◆ Exercise goal ◆
With the pictures excluded, retype the records that follow exactly.

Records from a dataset
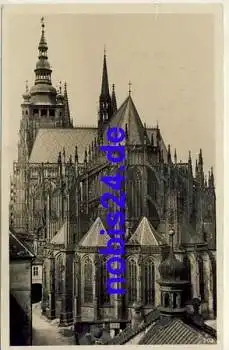 Prag Dom *ca.1939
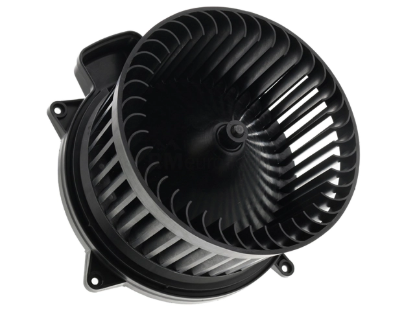 Mercedes Blower Motor Assembly ACM 1648350507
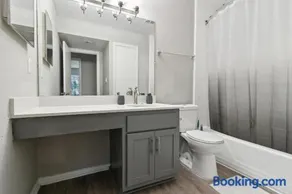 Halsten at Vinings 2515 Comfy 1 Bed 1 Bath - Image 1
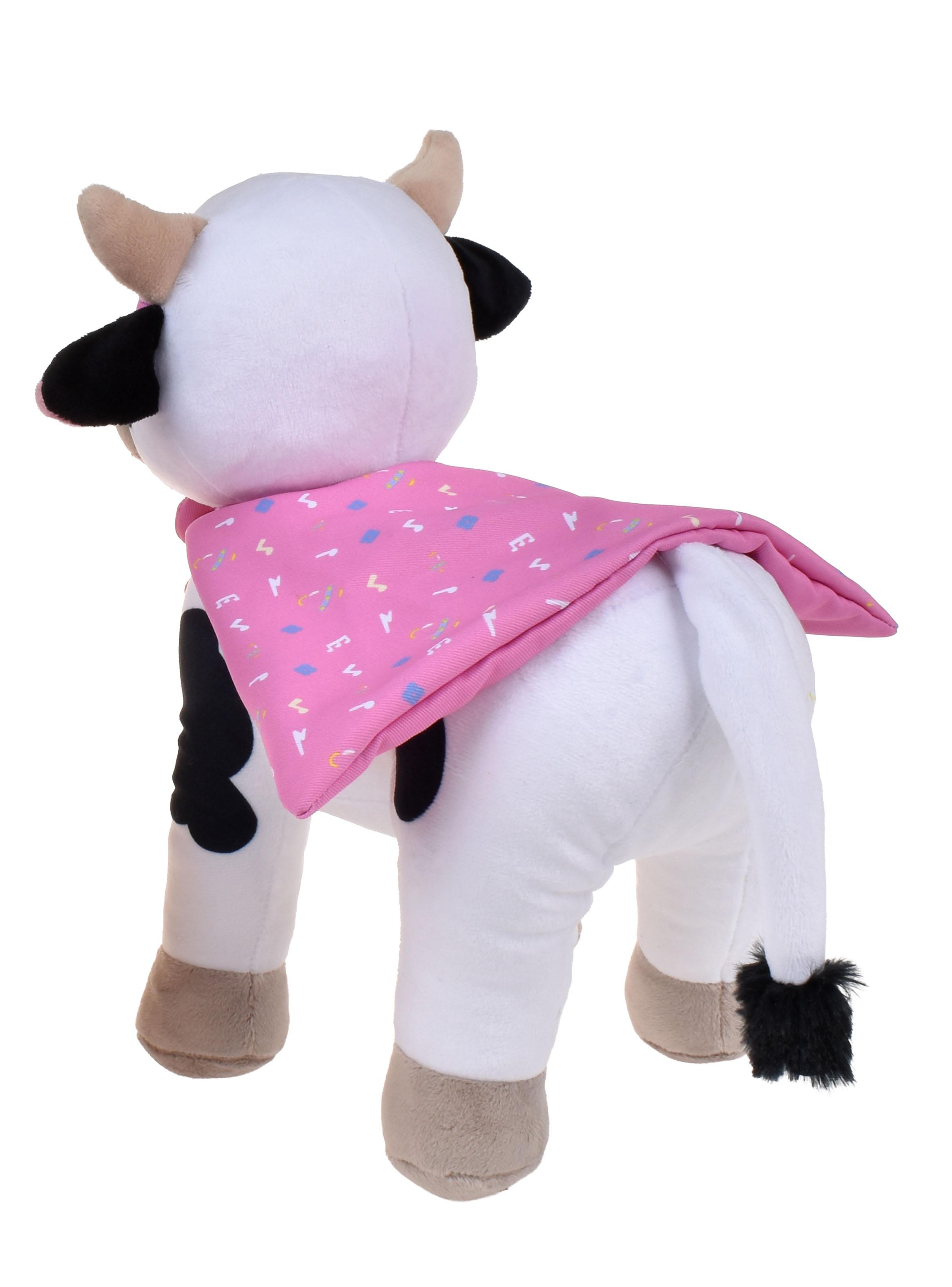 Peluche Lola Héroes en Acción 30 cm-2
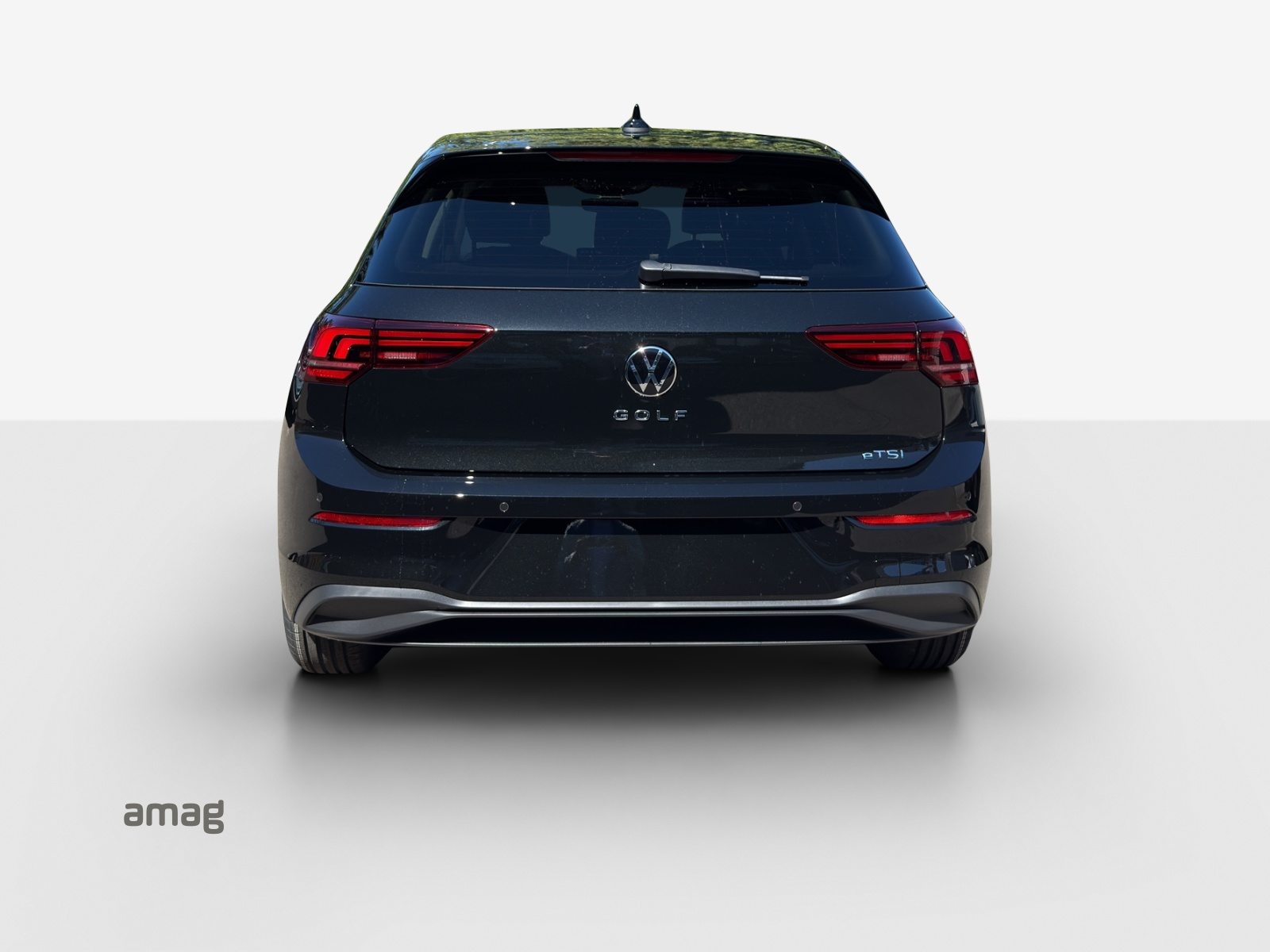 VW Golf Value, Benzin, Neuwagen, Automatik - 4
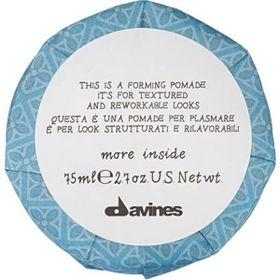 Davines More İnside This İs A Forming Pomade 75 ml Şekillendirici Pomat Wax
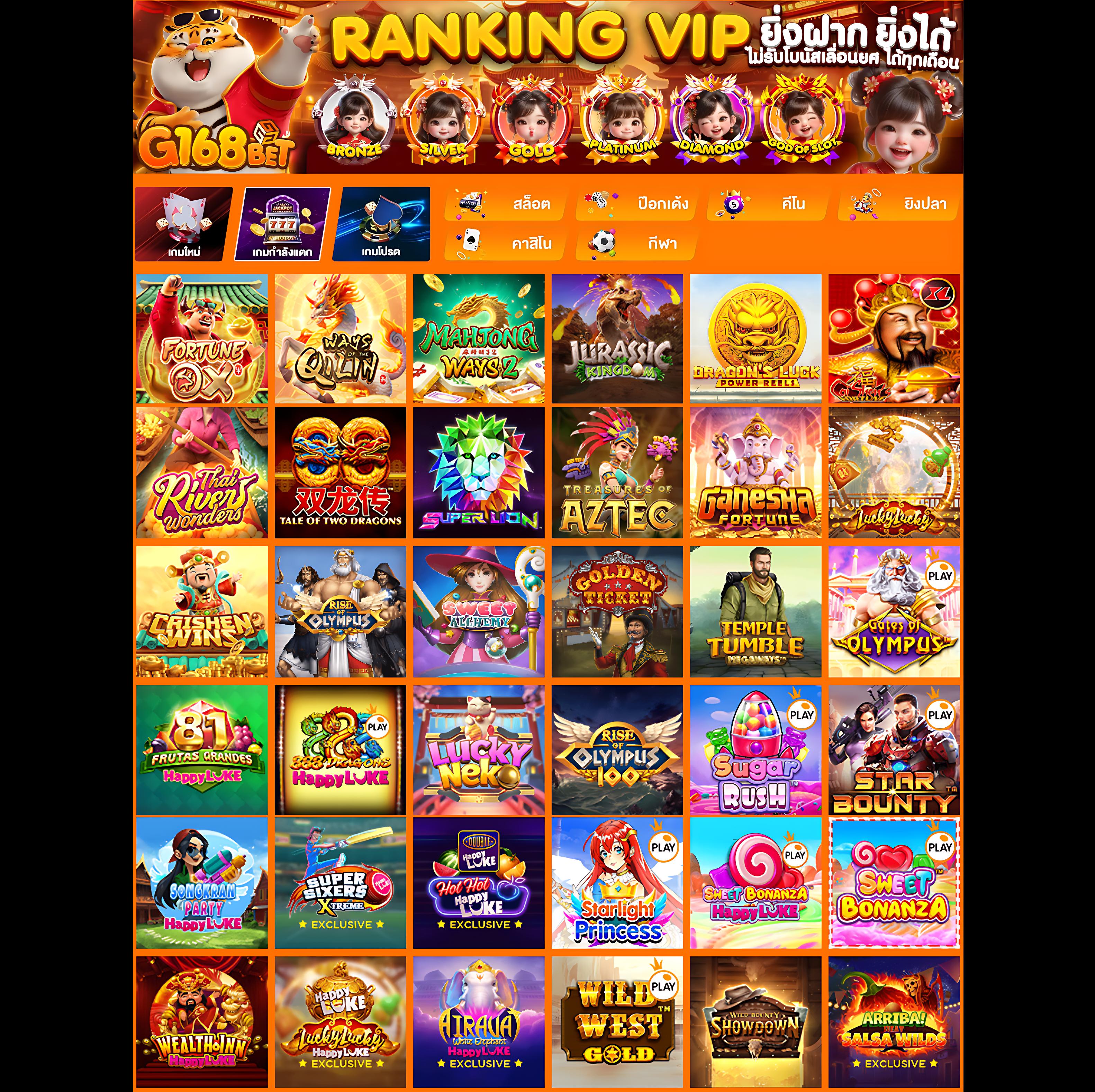 สล็อตเว็บทดลองเล่น รวมเกมสล็อตออนไลน์ยอดนิยมและฟีเจอร์ทันสมัย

◆ Response to the task ◆
 Prag Dom *ca.1939
 Mercedes Blower Motor Assembly ACM 1648350507
 Halsten at Vinings 2515 Comfy 1 Bed 1 Bath - Image 1
 Peluche Lola Héroes en Acción 30 cm-2
 VW Golf Value, Benzin, Neuwagen, Automatik - 4
 Davines More İnside This İs A Forming Pomade 75 ml Şekillendirici Pomat Wax
 สล็อตเว็บทดลองเล่น รวมเกมสล็อตออนไลน์ยอดนิยมและฟีเจอร์ทันสมัย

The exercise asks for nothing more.